━━━ Exercise input ━━━

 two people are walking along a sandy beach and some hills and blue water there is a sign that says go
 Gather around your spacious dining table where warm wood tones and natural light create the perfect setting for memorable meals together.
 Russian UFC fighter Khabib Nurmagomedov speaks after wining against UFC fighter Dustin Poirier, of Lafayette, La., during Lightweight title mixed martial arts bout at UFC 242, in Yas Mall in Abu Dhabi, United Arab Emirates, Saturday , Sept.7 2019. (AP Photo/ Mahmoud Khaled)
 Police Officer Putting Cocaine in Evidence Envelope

━━━
━━━ Exercise input ━━━

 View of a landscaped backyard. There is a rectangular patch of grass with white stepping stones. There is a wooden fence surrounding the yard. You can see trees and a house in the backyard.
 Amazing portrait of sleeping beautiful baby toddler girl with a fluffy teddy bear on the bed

━━━
━━━ Exercise input ━━━

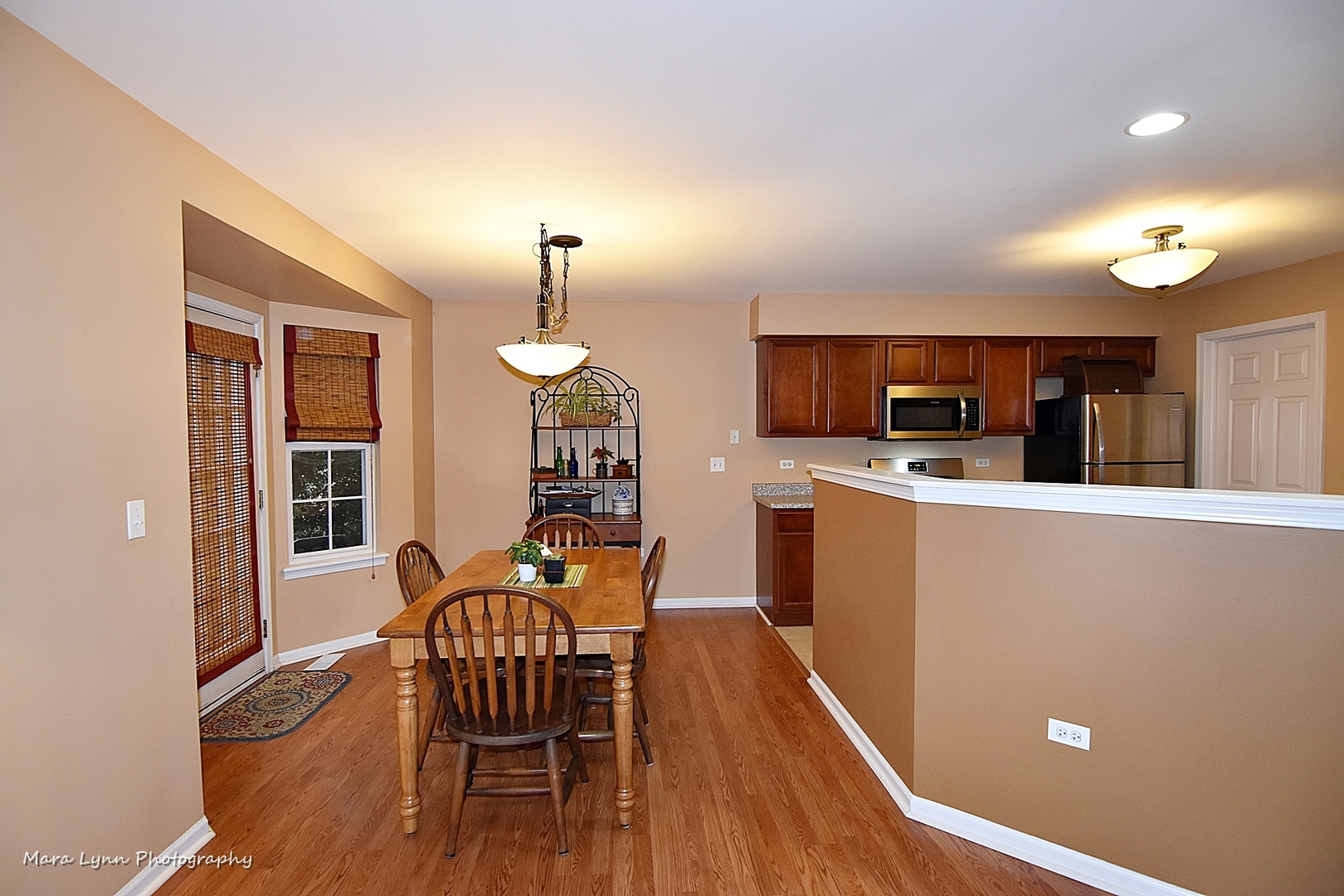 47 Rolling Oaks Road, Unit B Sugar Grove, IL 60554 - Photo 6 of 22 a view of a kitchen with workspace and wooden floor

━━━

# What you need to do
Repeat, exactly as they stand above, the lines from the line with "View of a landscaped" to the line with "Amazing portrait of", both lines included.

# Reply
 View of a landscaped backyard. There is a rectangular patch of grass with white stepping stones. There is a wooden fence surrounding the yard. You can see trees and a house in the backyard.
 Amazing portrait of sleeping beautiful baby toddler girl with a fluffy teddy bear on the bed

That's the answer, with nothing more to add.